BEYOND THE NUMBERS
Taxing College Endowment Income No Way to Pay for Regressive Tax Cuts
The House- and Senate-passed Republican tax bills each impose a 1.4 percent excise tax on the income from endowments of some private colleges and universities. The idea appears to stem from a larger proposal, as explained below, to boost educational opportunities for low- and moderate-income students. Congressional Republicans, however, are using the tax to help pay for tax cuts that mainly benefit wealthy households and profitable corporations, while dropping the rest of the education proposal.
In a 2016 House Ways and Means Committee hearing, Mark Schneider, an American Institutes for Research Vice President and Institute Fellow, called for a similarly structured tax on college endowment incomes. But to keep the tax from hitting the funds that schools use to provide financial aid — which would make it harder for lower- and middle-income students to attend college — Schneider recommended offsetting each school's tax liability by the amount it devotes to financial aid for students who qualify for Pell Grants. He also recommended that federal policymakers use the revenue to improve community college affordability, as those schools’ students often lack access to the same resources as other students, and the schools themselves have smaller pools of financial aid available for students.

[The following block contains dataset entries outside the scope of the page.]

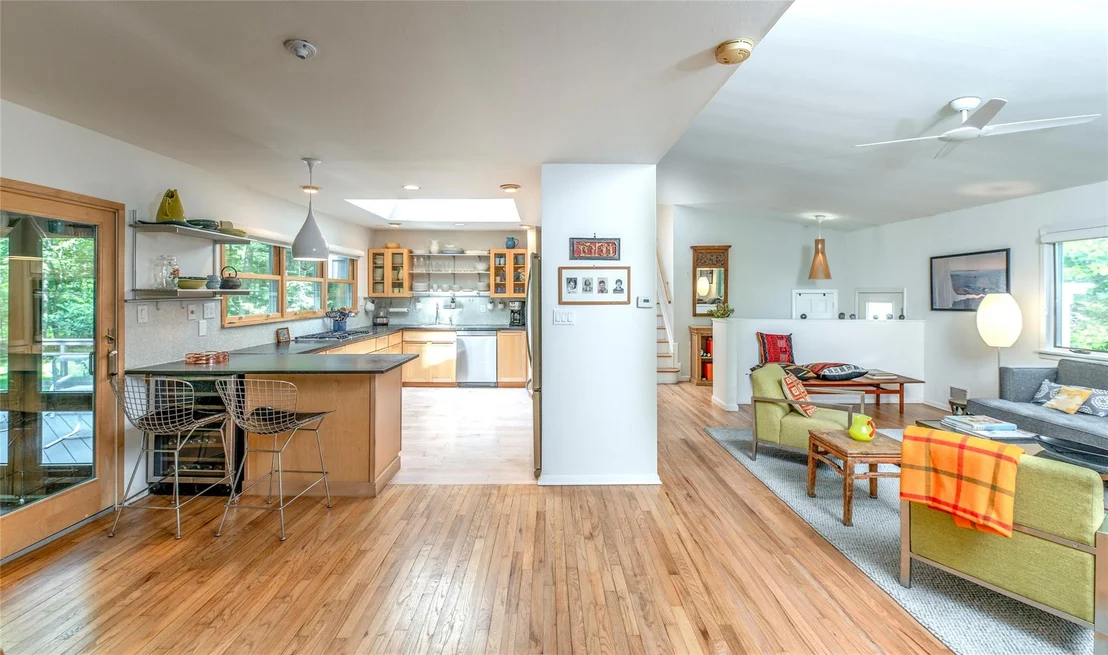 Photo of 204 Radcliff Drive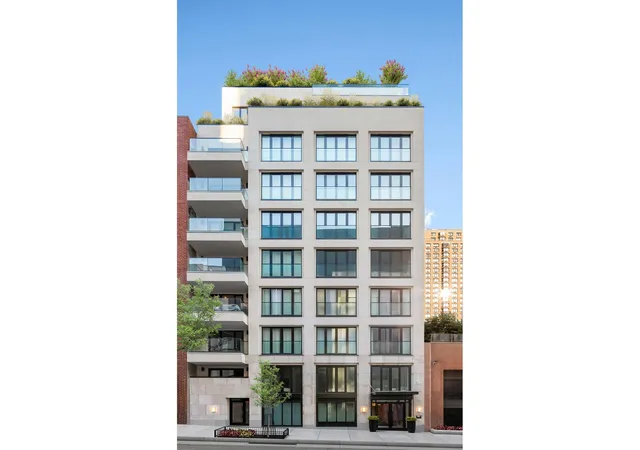 36th image of 427 E 90th St #PENTHOUSE9, New York, NY 10128 | MLS# RLS20029897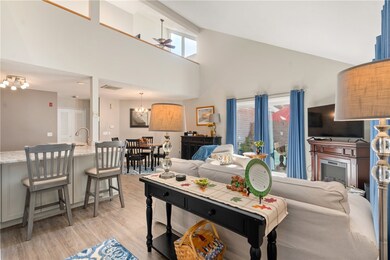 813 Williamsburg Cir, Warwick, RI 02886 - photo 3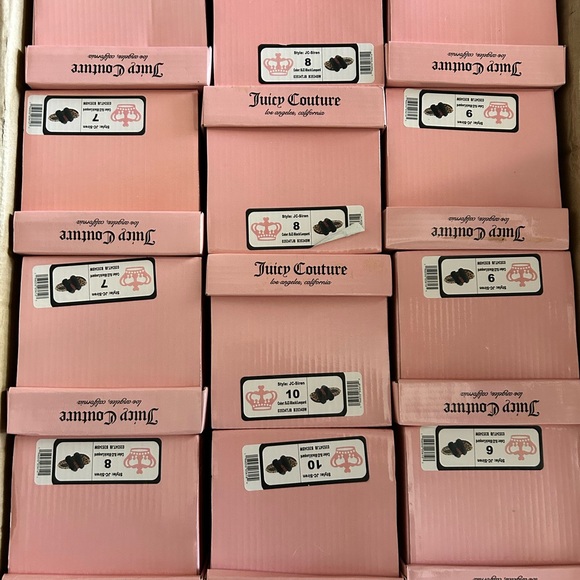 Multiple sizes of NWT Juicy Couture Leopard Print Faux Fur Slides - Picture 10 of 10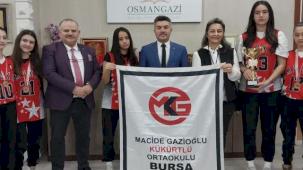 Macide Gazioğlu Ortaokulu'ndan bir günde üç şampiyonluk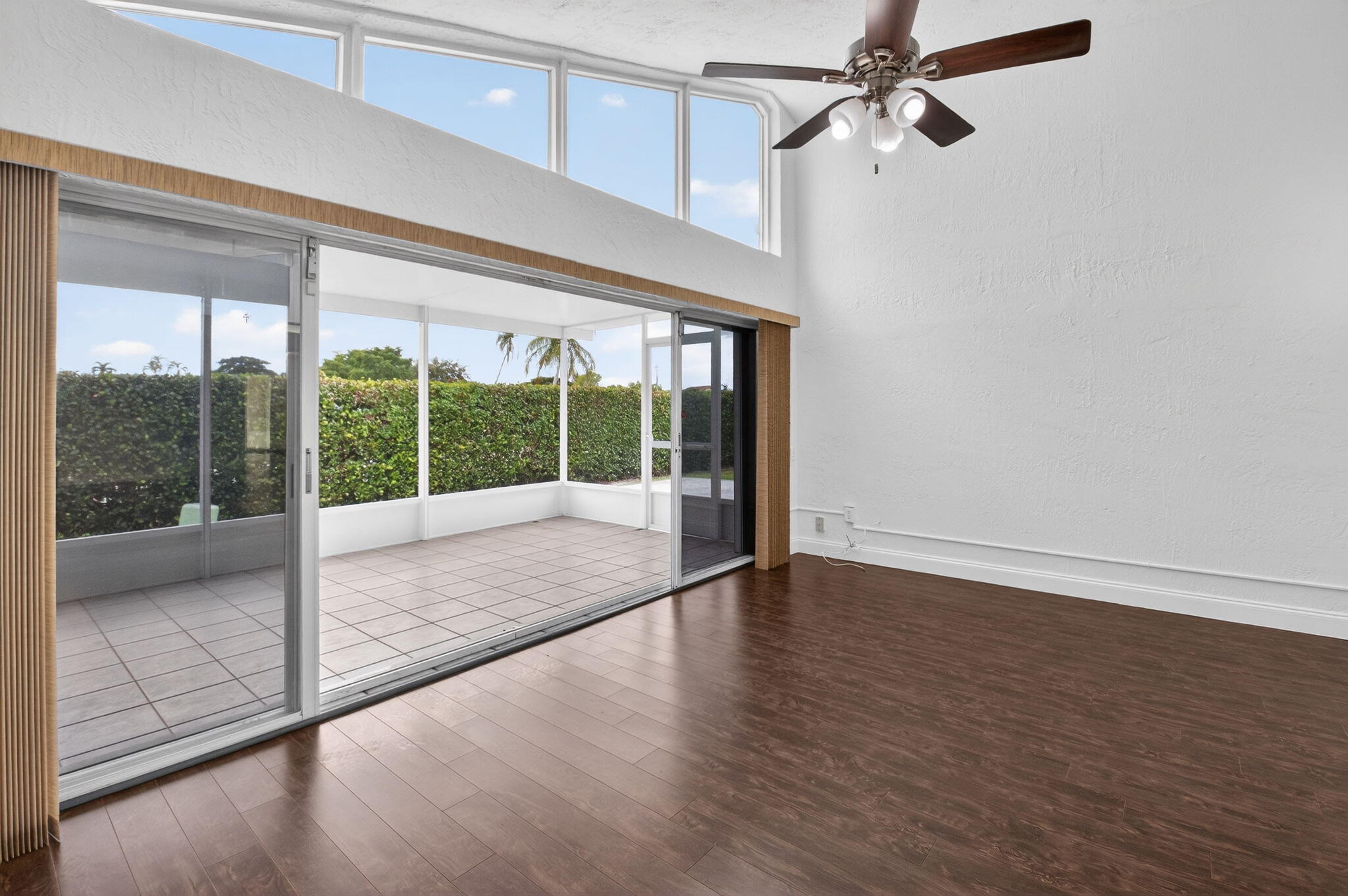 SAWGRASS LAKES HOMES - Residential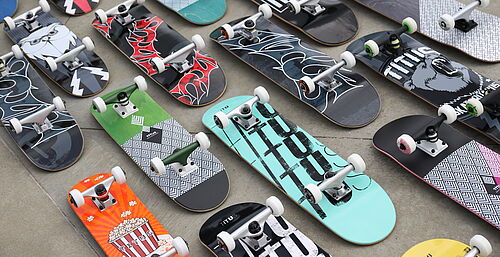 TITUS Skateboard Komplettboard 8.125" | 7-Schicht Ahornholz | Für Anfänger & Profis | Inkl. Rollen & Kugellager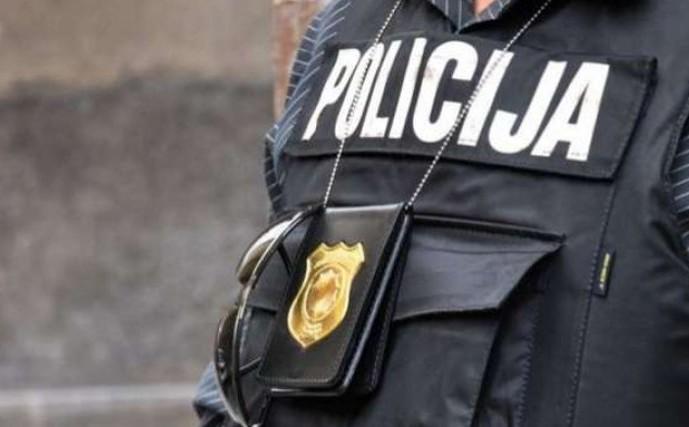 Tuzla: Prilikom pretresa porodične kuće pronađeni oružje i droga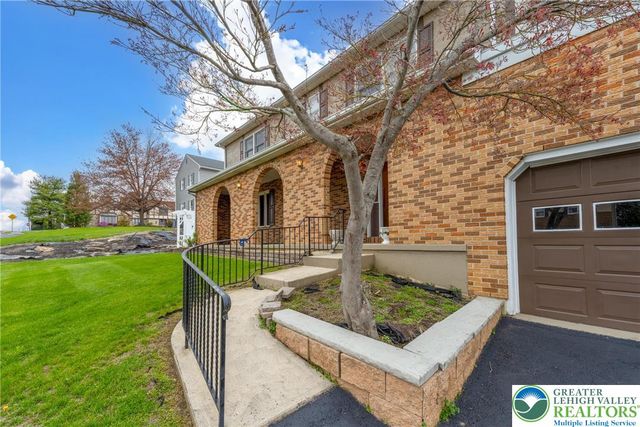 3127 South 4th Avenue, Whitehall Twp, PA 18052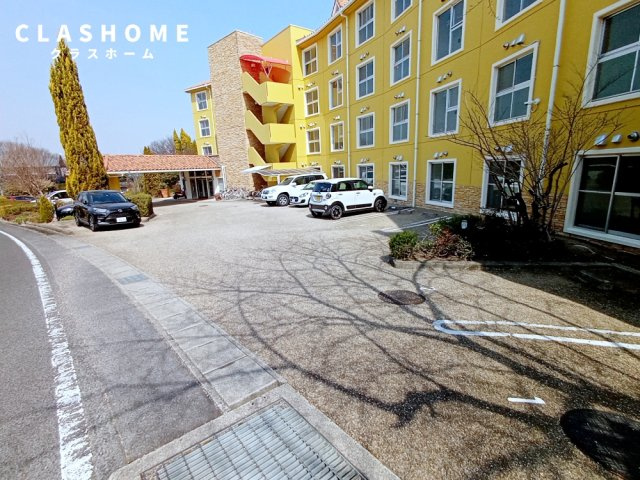 カーサヨサミ　　　刈谷市の賃貸ならクラスホーム刈谷店の駐車場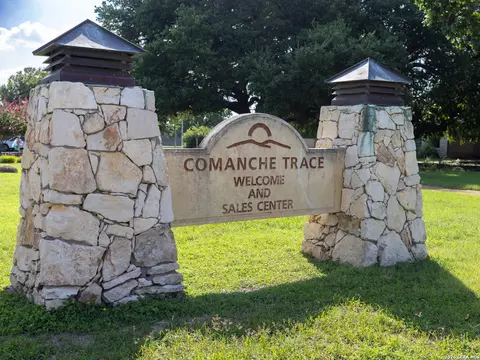 3304 Arrowhead Dr, Kerrville, TX 78028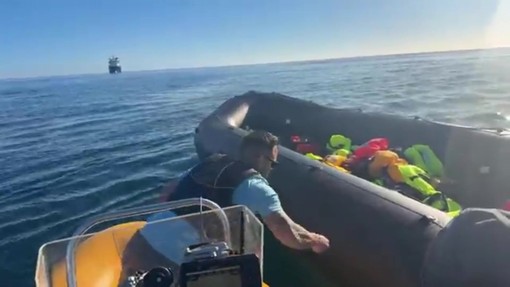 Buca il gommone dei migranti nel canale della Manica, il video del suprematista britannico Danny Tommo Buca il gommone dei migranti nel canale della Manica, il video del suprematista britannico Danny Tommo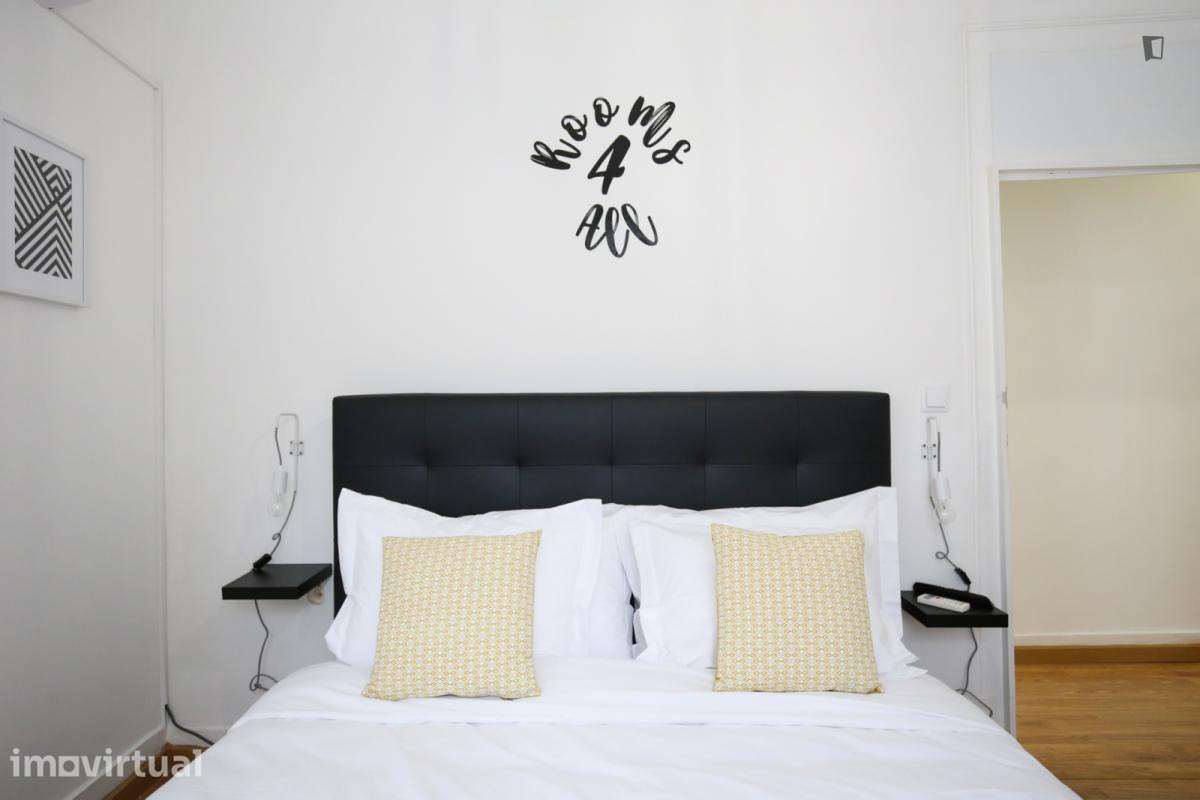 Quarto - localizado em São Bento Lisbon - Grande imagem: 5/33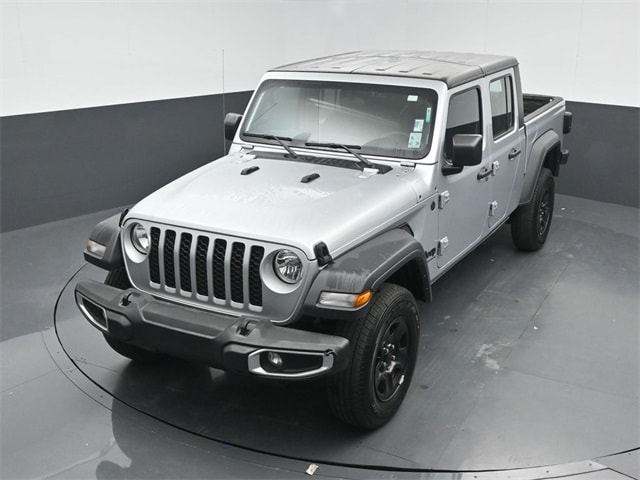 used 2023 Jeep Gladiator car, priced at $32,789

Whatever one may think of the Schneider proposal, the provision in the House and Senate tax bills is much different. Both bills would impose a tax on private endowments of a certain size, regardless of how much the schools spend on financial aid or any other measure of access and affordability. The House proposal applies to schools whose endowments exceed $250,000 per student, which would affect 66 schools, according to the think tank New America; the Senate raised the threshold to $500,000 per student, reducing the number of affected schools to 30.
The House provision would generate an estimated $2.5 billion in revenue over ten years; the Senate’s would generate $1.8 billion. Neither bill would direct those funds toward making college more affordable to community college students, using them instead to help finance tax cuts that would overwhelmingly benefit high-income households and wealthy corporations.
Proponents have offered no rationale for this tax other than to raise revenue. The American Council on Education, on behalf of 46 other higher education groups, has warned that it would reduce endowment funds available for scholarships, as well as research and educational programs, at their schools.
Making higher education more broadly accessible and affordable — and ensuring that colleges and universities serve a wide range of students — should be a national priority, both because it reflects our values of helping everyone meet their full potential and because a better educated workforce is good for economic growth. Stanford economist Raj Chetty and others have raised valid criticisms about how much elite colleges and universities are using their large endowments to provide upward mobility to lower- and middle-income students. But taxing certain colleges’ endowments and using the savings to help pay for highly regressive tax cuts would hardly advance opportunity.